UNION a series of TOP statements

  • Greetings all,

    I need to select the top 5 rows for particular codes and then union and sort the results. I am using a derived table because each top statement needs an ORDER BY statement which is not allowed in UNION statements. See my sample data and my select statement below.

    With my production data the results take about 2 minutes to return BUT each of the individual TOP statements takes 3 seconds. I guess I could insert each individual TOP statement into a temp table but I'd prefer not to go that route.

    Can anyone suggest any alternatives?

    CREATE TABLE [dbo].[Test](

    [Code] [char](1) NULL,

    [AsofDate] [datetime] NULL,

    [MyValue] [int] NULL

    ) ON [PRIMARY]

    INSERT INTO TEST ([Code], [AsofDate], [MyValue]) VALUES('A','2/8/2010',1)

    INSERT INTO TEST ([Code], [AsofDate], [MyValue]) VALUES('A','2/9/2010',2)

    INSERT INTO TEST ([Code], [AsofDate], [MyValue]) VALUES('A','2/10/2010',3)

    INSERT INTO TEST ([Code], [AsofDate], [MyValue]) VALUES('A','2/11/2010',4)

    INSERT INTO TEST ([Code], [AsofDate], [MyValue]) VALUES('A','2/12/2010',5)

    INSERT INTO TEST ([Code], [AsofDate], [MyValue]) VALUES('A','2/13/2010',6)

    INSERT INTO TEST ([Code], [AsofDate], [MyValue]) VALUES('A','2/14/2010',7)

    INSERT INTO TEST ([Code], [AsofDate], [MyValue]) VALUES('A','2/15/2010',8)

    INSERT INTO TEST ([Code], [AsofDate], [MyValue]) VALUES('A','2/16/2010',9)

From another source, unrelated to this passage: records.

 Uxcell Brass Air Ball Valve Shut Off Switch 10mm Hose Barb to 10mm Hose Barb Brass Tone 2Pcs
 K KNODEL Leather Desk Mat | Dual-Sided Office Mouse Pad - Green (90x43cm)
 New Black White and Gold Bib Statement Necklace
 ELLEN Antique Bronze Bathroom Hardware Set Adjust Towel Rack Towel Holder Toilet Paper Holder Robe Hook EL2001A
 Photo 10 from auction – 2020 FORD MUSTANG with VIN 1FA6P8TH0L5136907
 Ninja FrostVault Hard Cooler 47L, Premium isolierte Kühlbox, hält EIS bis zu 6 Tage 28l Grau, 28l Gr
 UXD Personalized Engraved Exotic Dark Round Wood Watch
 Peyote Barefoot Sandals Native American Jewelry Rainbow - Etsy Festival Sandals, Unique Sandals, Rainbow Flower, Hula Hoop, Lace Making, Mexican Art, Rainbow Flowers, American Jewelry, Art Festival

    INSERT INTO TEST ([Code], [AsofDate], [MyValue]) VALUES('A','2/17/2010',10)

    INSERT INTO TEST ([Code], [AsofDate], [MyValue]) VALUES('A','2/18/2010',11)

    INSERT INTO TEST ([Code], [AsofDate], [MyValue]) VALUES('A','2/19/2010',12)

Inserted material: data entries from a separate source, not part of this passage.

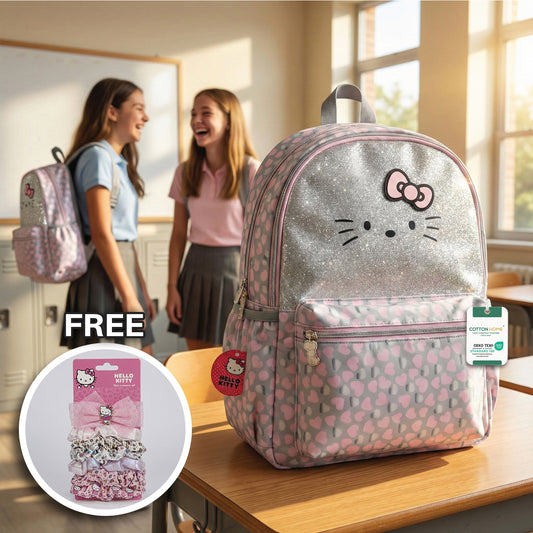 Hello Kitty Printed School Backpack and Hair Accessories Bundle 19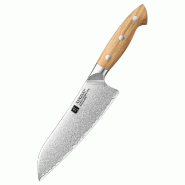 XinZuo - Santoku 18 cm – Série X02O Pin - fabriqué en acier composite 3 couches - multicolore X02O-RS
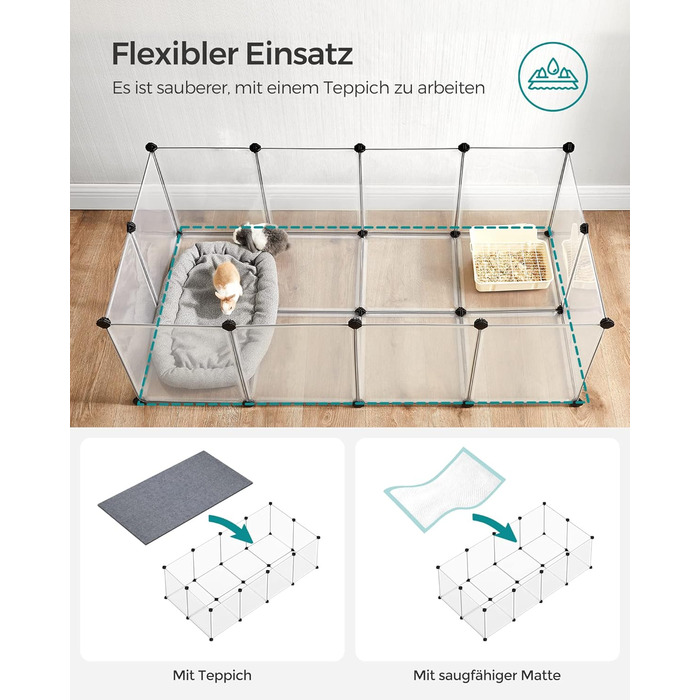 Клітка для гризунів SONGMICS Freigehege з піддоном, 143 x 73 x 46 см, біла (LPC02W M)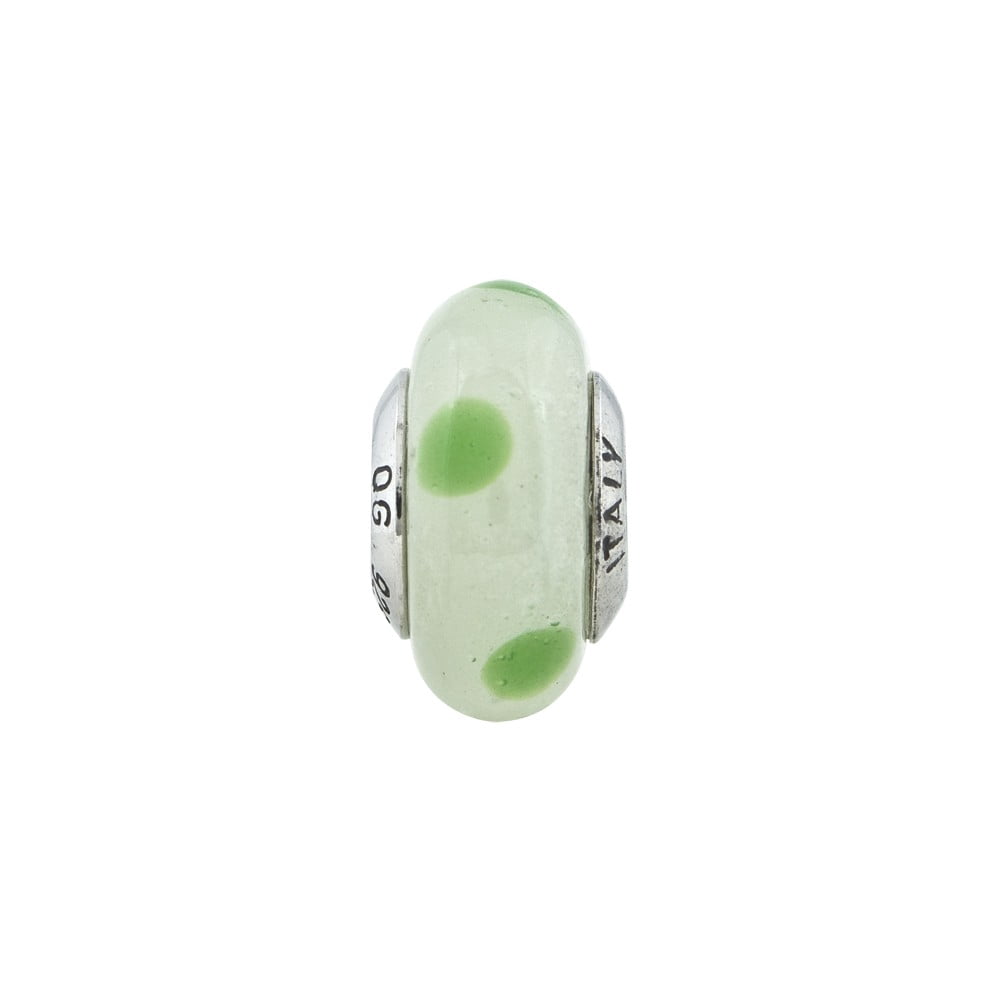 Fancy Bead White Sterling Silver Glass 12.73 mm 7.27 Reflections Lt Green Withgreen Dots Italian Murano Bead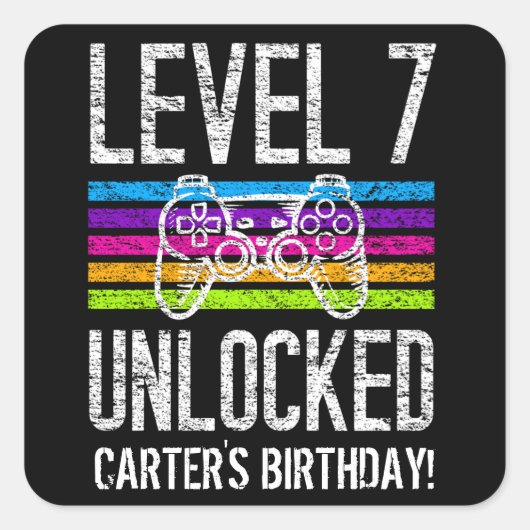 レベル7アンロック第7誕生日ゲーマパーソナライズされたー スクエアシール (正面)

    INSERT INTO TEST ([Code], [AsofDate], [MyValue]) VALUES('B','2/8/2010',1)

    INSERT INTO TEST ([Code], [AsofDate], [MyValue]) VALUES('B','2/9/2010',2)

    INSERT INTO TEST ([Code], [AsofDate], [MyValue]) VALUES('B','2/10/2010',3)

    INSERT INTO TEST ([Code], [AsofDate], [MyValue]) VALUES('B','2/11/2010',4)

    INSERT INTO TEST ([Code], [AsofDate], [MyValue]) VALUES('B','2/12/2010',5)

    INSERT INTO TEST ([Code], [AsofDate], [MyValue]) VALUES('B','2/13/2010',6)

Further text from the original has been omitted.